Below are the broad categories of values:
- Basic humanity (compassion, kindness, equality, fairness, respect).
- Love (emotional support, kindness, compassion, appreciation, respect, acceptance of differences).
- Spirituality (sense of connection to something larger than the self)
- Beauty (natural and creative)
- Community (goodwill, cooperation, flexibility)
3. Stand for something.
“Be not simply good, be good for something.” -Thoreau
Emotional pollution is all about being against something, devaluing rather than valuing, tearing down rather than building up.
List five things that you stand for. (Examples: fairness, hard work, integrity, compassion, kindness.) Make sure the values you listed are the guide and measure of your behavior for the next three weeks. At the end of three weeks, you’ll enjoy a greater sense of well-being and authenticity. You’ll build immunity to emotional pollution.
Love and Emotional Pollution
Most of the negative emotions couples blame on each other are stimulated or exacerbated by emotional pollution in the environment. But don’t take my word for it, test the hypothesis for yourself:
Briefly describe the last three times you had negative feelings for your partner. Then, ponder the following questions:
- What were you doing or experiencing immediately before the bad feelings?
- What was your partner doing/experiencing immediately before the bad feelings?
- Did any negative feelings unrelated to your partner precede the negative feelings for your partner?
- Did you feel connected to your partner before the negative emotions?
Of the 400 couples in my practice who answered these questions, 83% reported that negative feelings, unrelated to the partner, preceded negative feelings between the partners. In no case did couples feel connected before the negative feelings passed between them. The space between partners is a Petri dish for emotional pollution.
Improving relationships requires that couples work together to overcome the effects of emotional pollution, rather than blame them on each other. That means standing for deeper values rather than acting on temporary feelings.
I’ve posted elsewhere about the toddler coping mechanisms of blame, denial, and avoidance undermining love relationships. They turn partners into opponents and, eventually, into enemies.
The problem lies in how we resolve cognitive dissonance, which is the discomfort of self-image colliding with reality. Some cognitive dissonance in life and love is inevitable. A functional self-image concerns what is most important to us, while behavior is mostly about short-term comfort, pleasure, and utility.
Cognitive dissonance strengthens love relationships when we resolve it this way:
“I’m a compassionate and loving partner, yet I’m resentful and not compassionate toward you. Therefore, I’ll adjust my behavior to be more compassionate and loving.”
Cognitive dissonance destroys love relationships when we blame it on our partners:
“I’m a compassionate and loving partner, yet I’m resentful and uncompassionate to you. Therefore, there must be something wrong with you. I must keep focused on what I don’t like to justify my negative feelings.”

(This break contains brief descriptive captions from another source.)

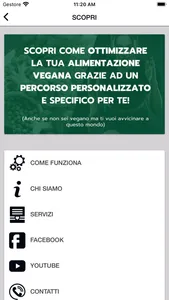 Diffusione Vegan screenshot 1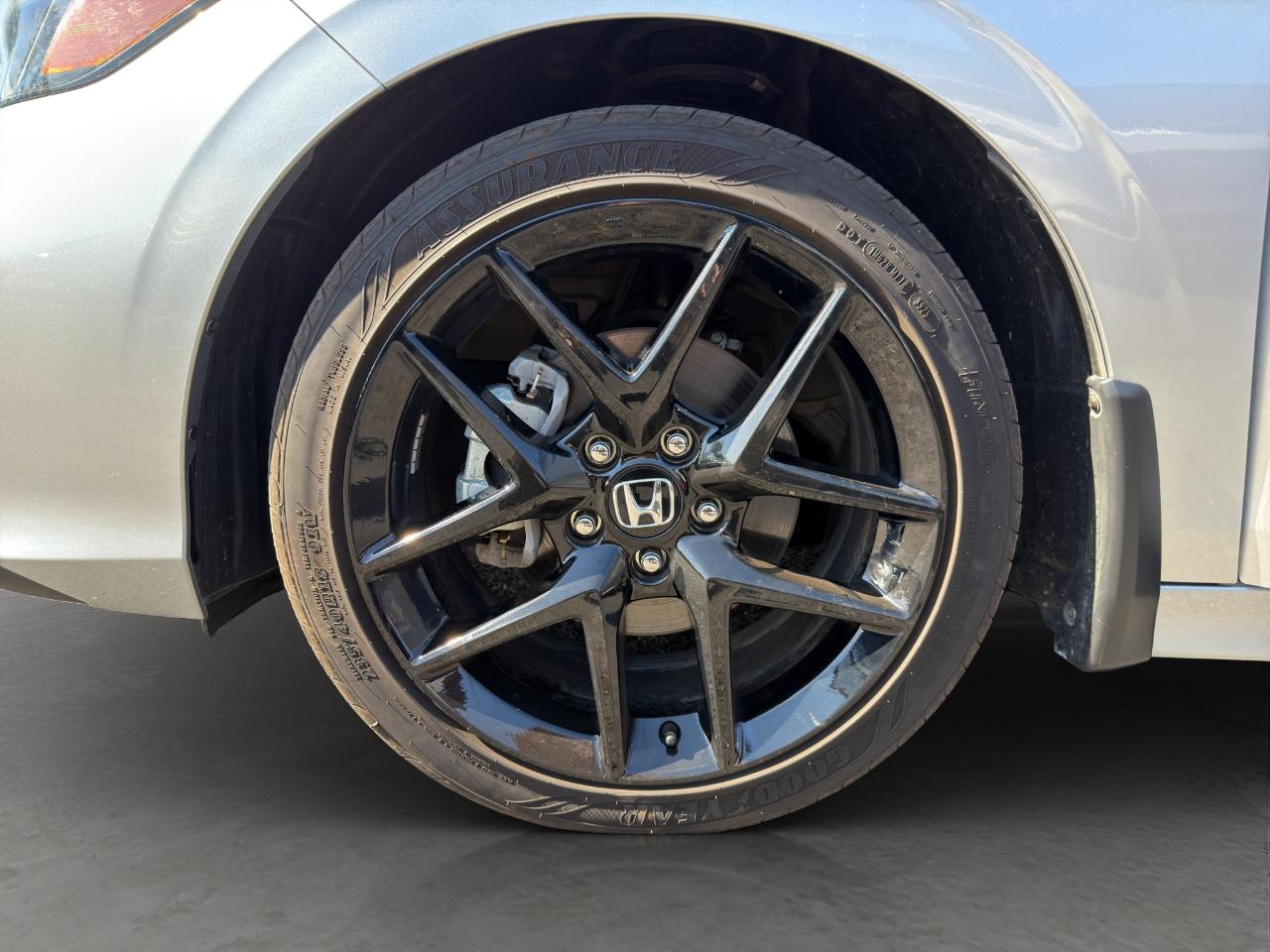 Honda Civic Sport Hybrid 2026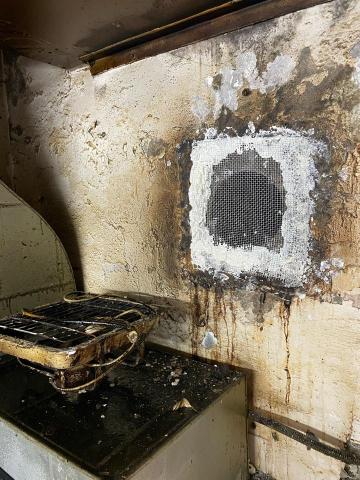 恆杰環衛有限公司 - 鼠入侵點封阻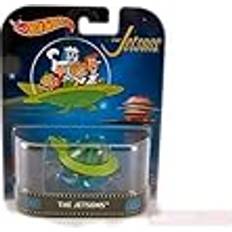 Hot Wheels Modell A Skala Kompatibel med Jetsons Capsule Car 1:64 HWDMC55FRF24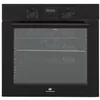 Image de Continental Edison CEF80CBP - Four - encastrable - niche - largeur : 56 cm - profondeur : 55 cm - hauteur : 59 cm - avec système auto-nettoyant - classe A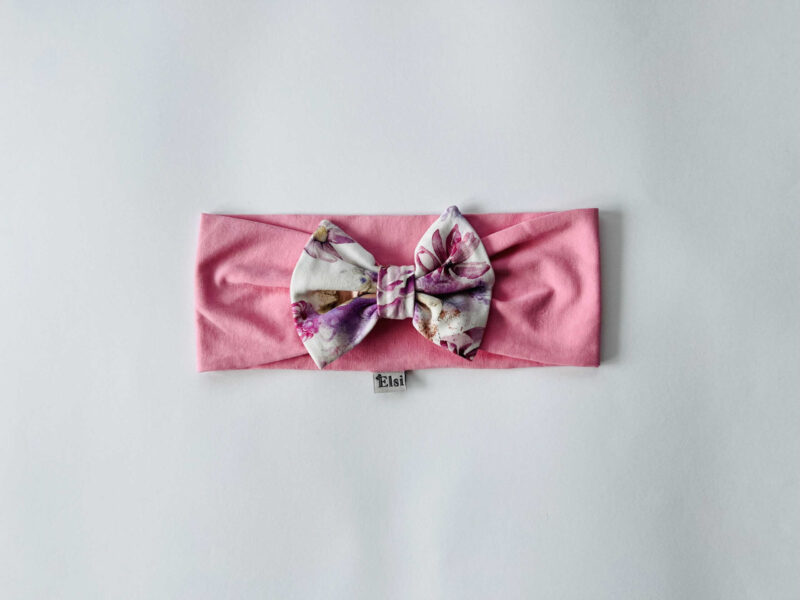 Roosa peapael Elsaga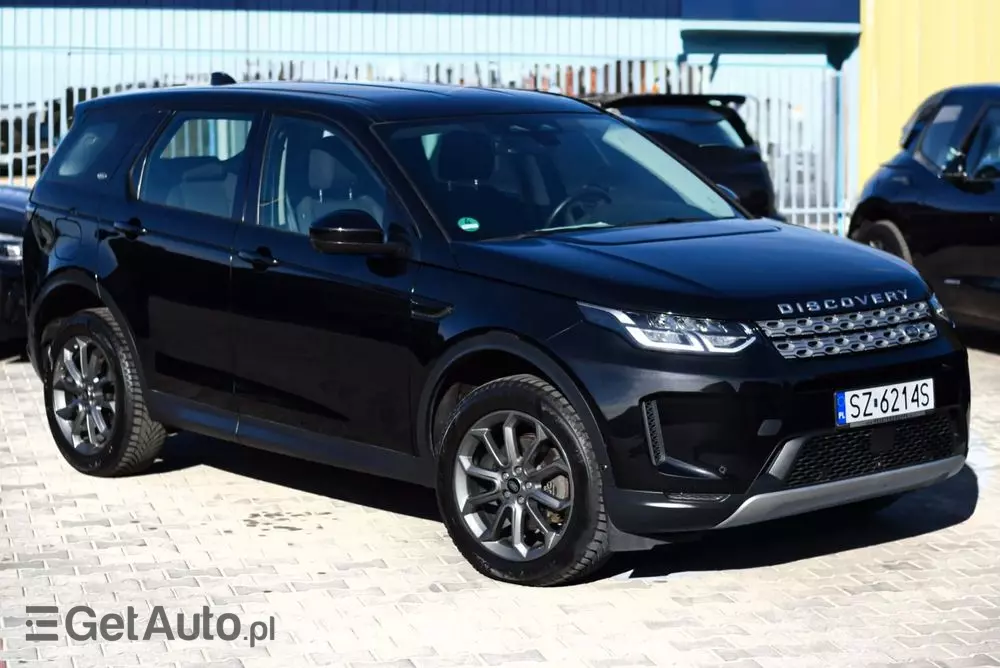 LAND ROVER Discovery Sport D165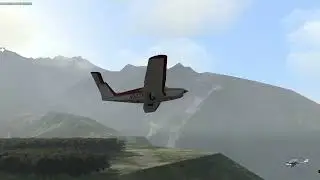 Xplane 11 - (VNLK ) Lukla  Newsflash - Pilot dies (virtually) in an  Arrow Turbo trying to land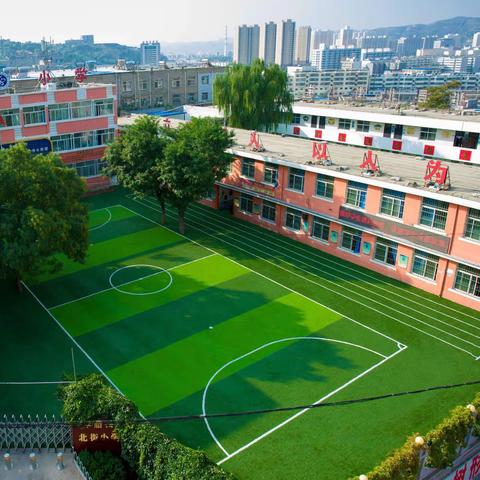 北街小学二年级4班卢博熙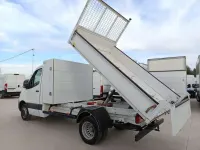 Usado Mercedes Sprinter 143 CV (105 kW) 2019 Blanco Van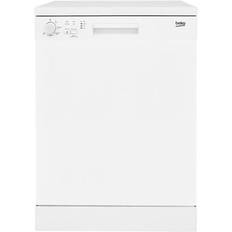 Beko 60 cm - Freestanding Dishwashers Beko DFN05Q10 White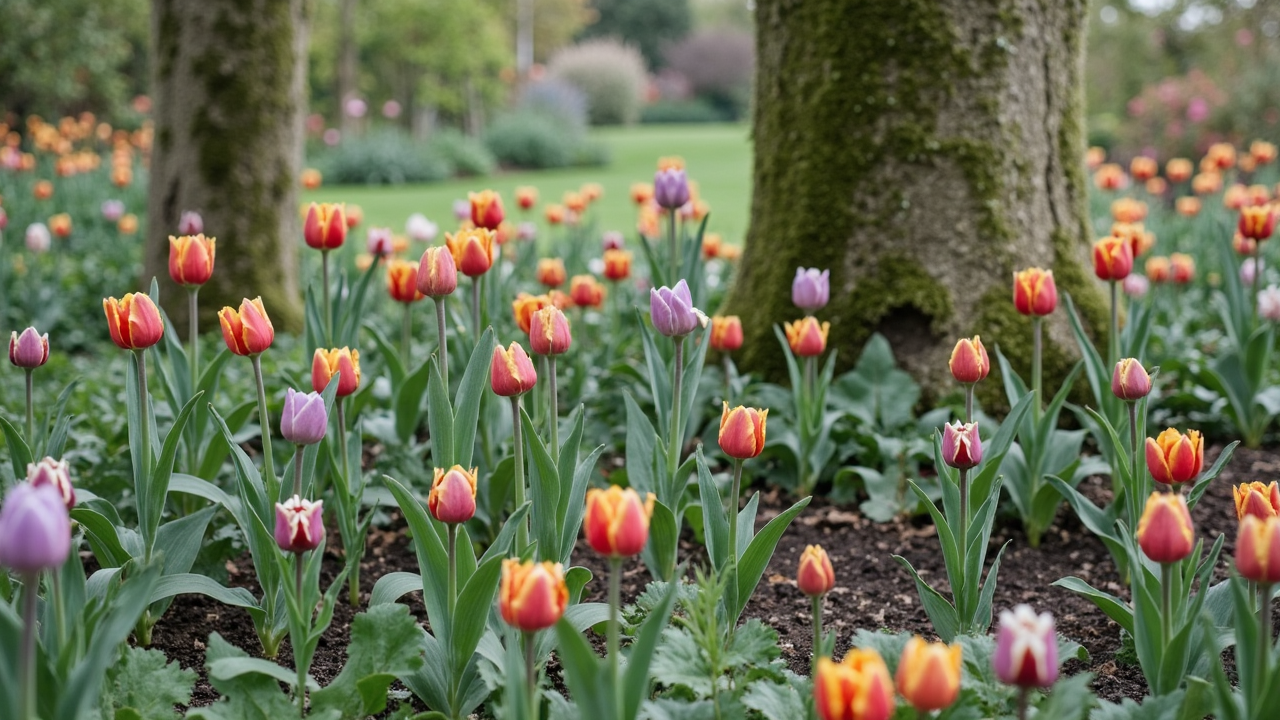 Tulipa
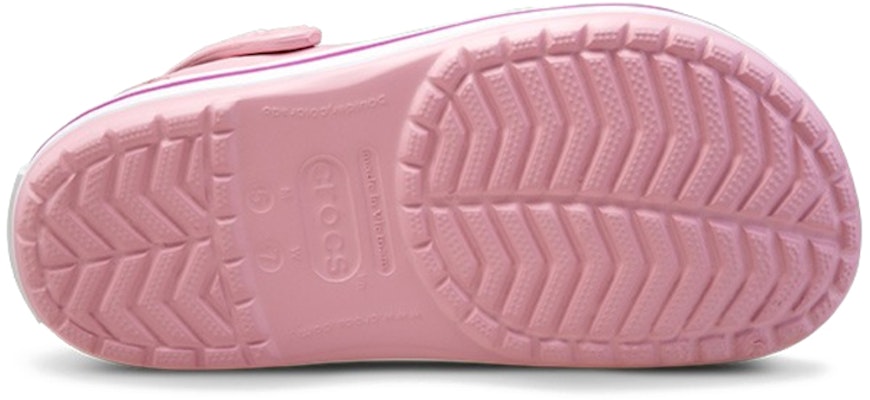 Crocs Crocband Beach Sandals Unisex Pink Purple 11016-6MB Purchase Crocs Crocband Beach Sandals Unisex Pink Purple 11016-6MB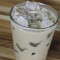 16 Unzen Eiskaramell-Latte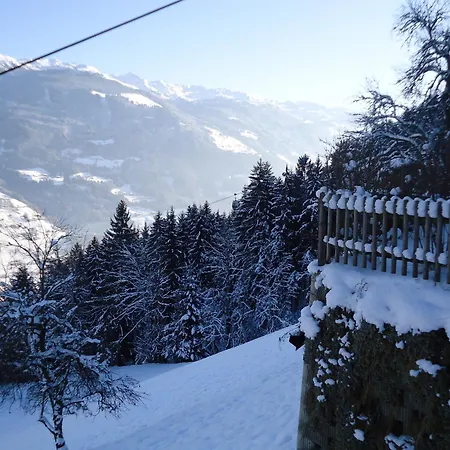 Bianca Zillertal アパート *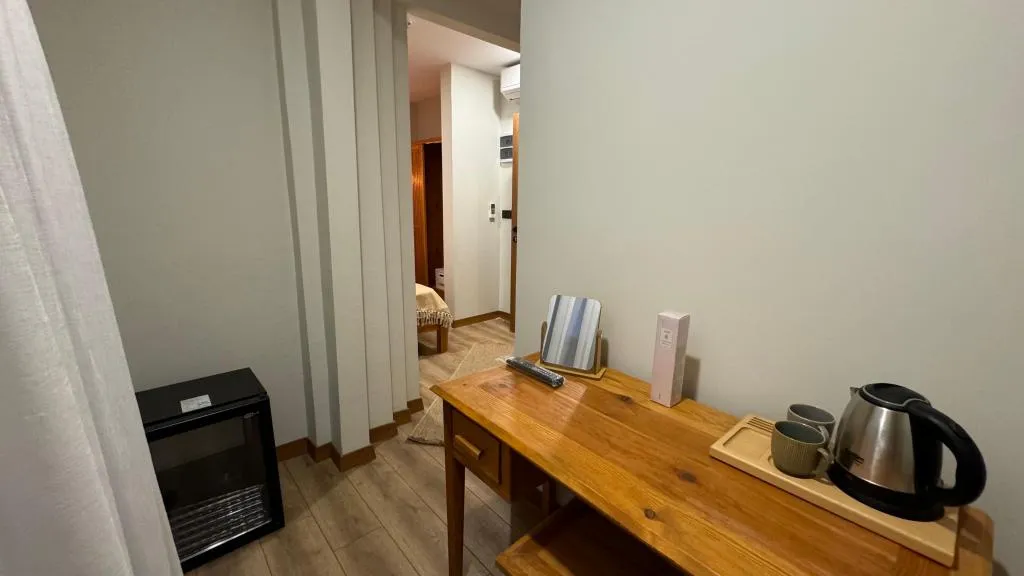 Standart Oda,Şehir Manzaralı,Fransız Balkonlu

Cognitive dissonance is not about getting what you want, it’s about being who you really are – true to your deepest values.
The Strongest Vaccination against Emotional Pollution:
Become the partner you most want to be.
Begin by circling the point that best describes your current state as a partner on the following continuum:
Loving l l l l l l l l l l Contemptuous
Compassionate l l l l l l l l l l Resentful
Supportive l l l l l l l l l l Critical
Flexible l l l l l l l l l l Rigid
Fair l l l l l l l l l l Unfair
Sexy l l l l l l l l l l Rejecting sex
Describe what you will do to move a notch closer to the kind of partner you most want to be.
In response to emotional pollution, in the home and outside it, we either spread basic humanity or let in resentment, radiate light or let in darkness.